The Ritva analyses this discussion and concludes that Beit Hillel’s approach is based on the principle that דכל שהוא מפני דרכי שלום אין בו משום מדבר שקר תרחק anything that promotes peaceful relations between people is not subject to the Torah’s demand to stay far away from falsehood.
The relationship between truth and peace is discussed elsewhere in the Talmud. In Massechet Yevamot (65b) we learn מוּתָּר לוֹ לָאָדָם לְשַׁנּוֹת בִּדְבַר הַשָּׁלוֹם it is permissible to deviate from the truth in order to promote peace. Several examples from scripture demonstrate this point including one example where God deviates from the truth when Avraham is informed of Sarah’s laughter. Avraham is told that Sarah’s laughter was on account of her incredulity upon hearing she would have a child at her old age. But we know from the prior verses that Sarah laughed when she contemplated how old Avraham was!

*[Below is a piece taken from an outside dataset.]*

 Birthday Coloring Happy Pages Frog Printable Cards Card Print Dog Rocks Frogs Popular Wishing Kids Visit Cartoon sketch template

In Massehet Sanhedrin, Rabbi Yehoshua ben Karkha praises mediation as the only way to achieve balance between justice and peace:
רַבִּי יְהוֹשֻׁעַ בֶּן קׇרְחָה אוֹמֵר: מִצְוָה לִבְצוֹעַ, שֶׁנֶּאֱמַר: ״אֱמֶת וּמִשְׁפַּט שָׁלוֹם שִׁפְטוּ בְּשַׁעֲרֵיכֶם״. וַהֲלֹא בִּמְקוֹם שֶׁיֵּשׁ מִשְׁפָּט – אֵין שָׁלוֹם, וּבִמְקוֹם שֶׁיֵּשׁ שָׁלוֹם – אֵין מִשְׁפָּט? אֶלָּא אֵיזֶהוּ מִשְׁפָּט שֶׁיֵּשׁ בּוֹ שָׁלוֹם? הֱוֵי אוֹמֵר: זֶה בִּיצּוּעַ.
It is a mitzva to mediate a dispute, as it is stated: “Execute the judgment of truth and peace in your gates” (Zechariah 8:16). Is it not that in the place where there is strict judgment there is no true peace, and in a place where there is true peace, there is no strict judgment? Rather, which is the judgment that has peace within it? You must say: This is mediation.
Truth and justice are inconsistent with peace. One person being right means someone else is wrong. If someone is wrong then they might be resentful. Therefore the loss of peace and harmony is the cost of insisting on pure justice.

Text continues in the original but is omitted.